Diane Tran is founder of Minnesota Rising, project manager at Grassroots Solutions, and current board chair of the Citizens League. Eriks Dunens is the Alumni Program and Cohort Coordinator for Leadership and Civic Engagement programs at University of Minnesota Extension.
Ever had that strange feeling that people are talking about you while you are in the room? We did while at Minnesota Compass' Annual Meeting "Minnesota next: Millennials, leadership, and the information economy." We were amongst 13% of the self-identified Millennial population in the room. Having served on the core team for the Minnesota Rising Cascading Conversations Tour over the past two years, we had a particular interest in data and trends related to the rising generation in our state. Minnesota Rising is a network of emerging leaders in Minnesota focused on building relationships, trust, and a shared vision, and seeks to develop the collective capacity of the rising generation to impact Minnesota's future. Recognizing that the Millennial voice was not fully represented in the room that day, MN Compass thoughtfully invited us to reflect on and consider how emerging leaders would use data differently.

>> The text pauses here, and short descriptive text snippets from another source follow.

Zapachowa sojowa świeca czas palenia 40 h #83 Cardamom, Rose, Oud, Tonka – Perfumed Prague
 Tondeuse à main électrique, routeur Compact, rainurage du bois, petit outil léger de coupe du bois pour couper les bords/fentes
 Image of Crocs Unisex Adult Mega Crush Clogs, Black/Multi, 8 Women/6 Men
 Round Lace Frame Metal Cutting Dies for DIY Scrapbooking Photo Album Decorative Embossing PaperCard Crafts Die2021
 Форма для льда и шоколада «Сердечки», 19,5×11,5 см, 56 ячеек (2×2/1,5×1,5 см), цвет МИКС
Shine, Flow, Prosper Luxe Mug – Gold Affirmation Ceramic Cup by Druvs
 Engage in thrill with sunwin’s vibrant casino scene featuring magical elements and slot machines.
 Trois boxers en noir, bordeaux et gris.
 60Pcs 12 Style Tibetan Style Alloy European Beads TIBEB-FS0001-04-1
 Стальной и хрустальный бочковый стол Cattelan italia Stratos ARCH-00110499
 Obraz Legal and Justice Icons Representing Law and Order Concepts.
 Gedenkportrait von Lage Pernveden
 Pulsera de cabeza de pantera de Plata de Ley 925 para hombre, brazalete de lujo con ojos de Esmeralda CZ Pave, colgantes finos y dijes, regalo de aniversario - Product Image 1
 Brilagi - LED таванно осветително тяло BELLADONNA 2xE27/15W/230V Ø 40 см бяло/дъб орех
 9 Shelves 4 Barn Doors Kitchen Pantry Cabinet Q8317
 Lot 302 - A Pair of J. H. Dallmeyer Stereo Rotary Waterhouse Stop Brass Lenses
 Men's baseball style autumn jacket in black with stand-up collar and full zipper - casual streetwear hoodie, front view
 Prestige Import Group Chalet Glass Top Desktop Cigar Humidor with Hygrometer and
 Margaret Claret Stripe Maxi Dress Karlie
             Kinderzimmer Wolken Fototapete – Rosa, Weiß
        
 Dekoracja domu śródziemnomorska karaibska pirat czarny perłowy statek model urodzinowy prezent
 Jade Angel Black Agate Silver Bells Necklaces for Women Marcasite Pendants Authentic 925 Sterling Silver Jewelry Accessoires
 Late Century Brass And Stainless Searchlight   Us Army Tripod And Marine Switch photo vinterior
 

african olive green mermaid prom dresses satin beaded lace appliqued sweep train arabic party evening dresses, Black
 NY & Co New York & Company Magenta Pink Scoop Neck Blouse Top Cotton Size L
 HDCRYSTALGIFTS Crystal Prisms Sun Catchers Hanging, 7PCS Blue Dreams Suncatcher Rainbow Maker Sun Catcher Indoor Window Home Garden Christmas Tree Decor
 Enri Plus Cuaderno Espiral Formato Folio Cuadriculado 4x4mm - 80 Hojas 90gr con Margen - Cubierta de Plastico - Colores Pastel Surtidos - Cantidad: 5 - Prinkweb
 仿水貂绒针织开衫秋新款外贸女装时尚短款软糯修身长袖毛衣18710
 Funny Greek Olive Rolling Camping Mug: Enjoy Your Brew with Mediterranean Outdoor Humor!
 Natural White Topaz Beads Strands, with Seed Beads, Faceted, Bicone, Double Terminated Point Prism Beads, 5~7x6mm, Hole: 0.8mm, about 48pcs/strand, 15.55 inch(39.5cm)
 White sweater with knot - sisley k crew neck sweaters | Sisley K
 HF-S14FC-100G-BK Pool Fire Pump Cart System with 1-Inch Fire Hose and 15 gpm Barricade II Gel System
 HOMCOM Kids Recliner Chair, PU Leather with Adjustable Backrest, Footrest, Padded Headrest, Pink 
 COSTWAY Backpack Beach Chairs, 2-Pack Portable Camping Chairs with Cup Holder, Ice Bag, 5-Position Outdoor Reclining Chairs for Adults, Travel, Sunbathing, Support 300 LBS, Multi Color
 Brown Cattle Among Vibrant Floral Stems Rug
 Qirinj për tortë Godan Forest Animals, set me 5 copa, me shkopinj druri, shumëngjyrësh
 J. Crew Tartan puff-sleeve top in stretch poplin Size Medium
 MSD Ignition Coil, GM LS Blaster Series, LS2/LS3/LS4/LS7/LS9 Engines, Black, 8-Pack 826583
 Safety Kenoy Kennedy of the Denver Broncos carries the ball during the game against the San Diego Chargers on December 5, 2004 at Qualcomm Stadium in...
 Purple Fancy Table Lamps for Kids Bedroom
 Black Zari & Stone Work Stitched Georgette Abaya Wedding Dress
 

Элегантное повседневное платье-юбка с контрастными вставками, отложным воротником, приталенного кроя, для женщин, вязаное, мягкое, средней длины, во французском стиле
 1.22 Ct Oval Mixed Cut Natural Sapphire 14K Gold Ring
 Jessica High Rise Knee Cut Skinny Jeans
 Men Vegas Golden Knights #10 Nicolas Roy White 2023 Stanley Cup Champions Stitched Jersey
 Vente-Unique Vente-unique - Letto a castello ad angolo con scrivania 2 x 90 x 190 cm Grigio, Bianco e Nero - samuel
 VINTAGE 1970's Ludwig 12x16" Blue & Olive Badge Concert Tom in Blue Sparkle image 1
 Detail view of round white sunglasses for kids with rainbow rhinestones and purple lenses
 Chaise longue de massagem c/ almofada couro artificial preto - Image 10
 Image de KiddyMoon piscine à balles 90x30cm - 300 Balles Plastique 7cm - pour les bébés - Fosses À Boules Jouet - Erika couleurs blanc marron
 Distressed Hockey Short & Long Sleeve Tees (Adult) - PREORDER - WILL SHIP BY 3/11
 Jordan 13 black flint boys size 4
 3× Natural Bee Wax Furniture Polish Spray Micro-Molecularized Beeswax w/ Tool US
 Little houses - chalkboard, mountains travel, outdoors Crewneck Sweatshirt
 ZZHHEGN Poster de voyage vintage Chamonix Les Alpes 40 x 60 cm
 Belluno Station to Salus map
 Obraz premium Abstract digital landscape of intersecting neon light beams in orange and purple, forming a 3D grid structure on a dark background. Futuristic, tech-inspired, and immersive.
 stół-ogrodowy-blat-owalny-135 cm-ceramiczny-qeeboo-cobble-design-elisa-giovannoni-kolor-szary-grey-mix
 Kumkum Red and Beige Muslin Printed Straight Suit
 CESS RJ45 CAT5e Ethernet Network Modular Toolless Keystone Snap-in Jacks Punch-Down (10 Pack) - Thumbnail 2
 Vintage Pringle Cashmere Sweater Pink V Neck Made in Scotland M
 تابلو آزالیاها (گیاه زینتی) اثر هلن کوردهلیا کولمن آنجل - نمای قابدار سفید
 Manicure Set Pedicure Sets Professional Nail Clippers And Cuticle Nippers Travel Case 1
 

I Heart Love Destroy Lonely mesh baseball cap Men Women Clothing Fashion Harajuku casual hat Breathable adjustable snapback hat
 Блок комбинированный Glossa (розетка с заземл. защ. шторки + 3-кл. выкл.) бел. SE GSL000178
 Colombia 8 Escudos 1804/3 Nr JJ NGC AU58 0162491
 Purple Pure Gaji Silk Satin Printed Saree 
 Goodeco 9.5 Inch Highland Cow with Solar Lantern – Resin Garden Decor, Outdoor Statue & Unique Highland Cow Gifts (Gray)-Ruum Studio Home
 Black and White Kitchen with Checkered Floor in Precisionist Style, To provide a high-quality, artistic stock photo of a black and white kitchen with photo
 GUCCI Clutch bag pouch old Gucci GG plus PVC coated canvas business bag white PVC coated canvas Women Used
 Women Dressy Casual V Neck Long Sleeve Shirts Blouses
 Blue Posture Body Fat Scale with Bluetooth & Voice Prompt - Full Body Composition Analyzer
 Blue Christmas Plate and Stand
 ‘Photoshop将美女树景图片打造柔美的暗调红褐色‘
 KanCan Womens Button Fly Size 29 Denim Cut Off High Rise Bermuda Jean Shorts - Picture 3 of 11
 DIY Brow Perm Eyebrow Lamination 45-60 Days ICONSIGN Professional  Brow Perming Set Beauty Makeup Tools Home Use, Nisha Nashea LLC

Much has been made of the demographic shifts Minnesota is currently experiencing and will continue to undergo in the coming years. The State Demographer indicates that by 2025, Baby Boomers will hit age 80 en masse, the time in their life when health care costs will be at their highest, and the labor force growth rate will dip to 0.1%. Further, Minnesota is growing increasingly diverse at a rapid rate: from 2005 to 2035, the white population is projected to grow nine percent, compared to 112 percent for the total minority population. While these demographic shifts have been clear for decades, there has been limited interest in their implications and minimal action to identify paths forward until recently.
While the charts depicting how Minnesota will look quite different in 10 years' time provides a great deal of shock value and certainly induces a sense of urgency for galvanizing action around the topic, it is also entirely overwhelming. What is any one of us able to do to tackle such a long-standing and structural challenge? Here are a few ideas:
1. Use data to identify and encourage ways to act
Large-scale trends and indicators have, by definition, a massive scope. One unintended consequence is that individuals can feel powerless to impact them. Data that shows trends and identifies problems but is not presented with ideas for action is missing a key element. We have attended numerous events in recent years featuring presentations on demographic trends and been left, more than once, feeling helpless or uncertain about a path forward. Lacking a clear and unified plan for addressing all segments of our current demographic challenges can be disempowering to our communities. While data is largely perceived as neutral and merely subject to the agendas of those who interpret and relay it, there must be a recognition that data should inform trends, identify opportunities for remedying challenges, and offer real opportunities for changing otherwise dismal outcomes. These opportunities for impacting said challenges must exist on individual, organizational, community, and societal levels.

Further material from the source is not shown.